A replication of "Just-in-time and distributed task representations in language models" on Gemma-3
Summary: We replicate key findings on task vector transferability across Gemma-3 models (270M–4B). Natural language tasks achieve 74–115% recovery through patching, while algorithmic tasks achieve only 15–28%. This confirms one of the paper's central claims: models encode task identity broadly but only package transferable task representations for certain task types.
One can distinguish between two types of internal task signals: task identity representations (which encode what task is being performed) and transferable task representations (which can be extracted and injected to induce task behavior). The original paper found that task identity is ubiquitous, but transferable representations are sparse and task-dependent.
We test the transferability of task vectors by extracting hidden states from few-shot prompts and injecting them into zero-shot prompts, measuring how much task performance we recover.
Tasks split cleanly into two categories. Natural language tasks (antonyms, synonyms, translation, capitalization) achieve high recovery rates (~96% avg.), often matching or exceeding few-shot performance. Algorithmic tasks (list reversal, counting, extraction) show near-complete failure (~17% avg.).
The heatmap below shows performance across all task–model combinations.
Larger models achieve higher absolute patched accuracy on NL tasks (32% → 62% → 87%), consistent with the original paper. Algorithmic tasks remain resistant regardless of scale, with no clear improvement pattern.
The paper hypothesized that more in-context examples lead to better task representations for "easy" tasks. Our results tend to confirm this for both natural language and algorithmic tasks, although it may not always be the case.

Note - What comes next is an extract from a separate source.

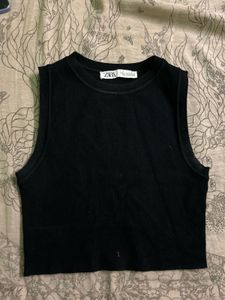 Zara Black Sleeveless Knit Top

| Finding | Original (4B–27B) | Replication (270M–4B) | Status |
|---|---|---|---|
| NL task recovery | 80–90% | 74–115% | Confirmed |
| Algo task recovery | 35–45% | 15–28% | Lower than reported |
| Easy/hard task dichotomy | Clear separation | Clear separation | Confirmed |
| Monotonic scaling | Yes | NL yes; Algo inconsistent | Partial |
| Evidence condensation | Works for easy tasks | Works, but not always | Partial |
The lower algorithmic recovery rates may reflect our use of smaller models (270M–4B vs 4B–27B) and fixed middle-layer extraction rather than per-task optimization. The qualitative findings, particularly the stark NL/Algo divide, replicate clearly.
Semantic transformations: antonyms, synonyms, translation, case changes. These tasks appear to have compact, localized representations that can be captured in a single vector at the final token position.
Algorithmic operations: list manipulation, counting, position extraction. These may instead require distributed computation across tokens and layers that cannot be condensed into a single injection point.
This replication supports the paper's core insight: language models carry rich task identity information throughout their computations, but only "package" that information into a transferable form for certain task types.
Methods: Experiments run on Gemma-3 (pretrained) models (270M, 1B, 4B) using hidden state extraction at the final token position of the prompt. Injection performed at the middle layer (layer n/2) by overwriting the residual stream. K values: 0, 1, 2, 4, 8. Twenty test examples per task.
Limitations: The model size and sample counts are significantly smaller than in the original paper. We do not perform a hyperparameter search for the injection layer.
Code: Available on Github/JonasLoos/task_representations.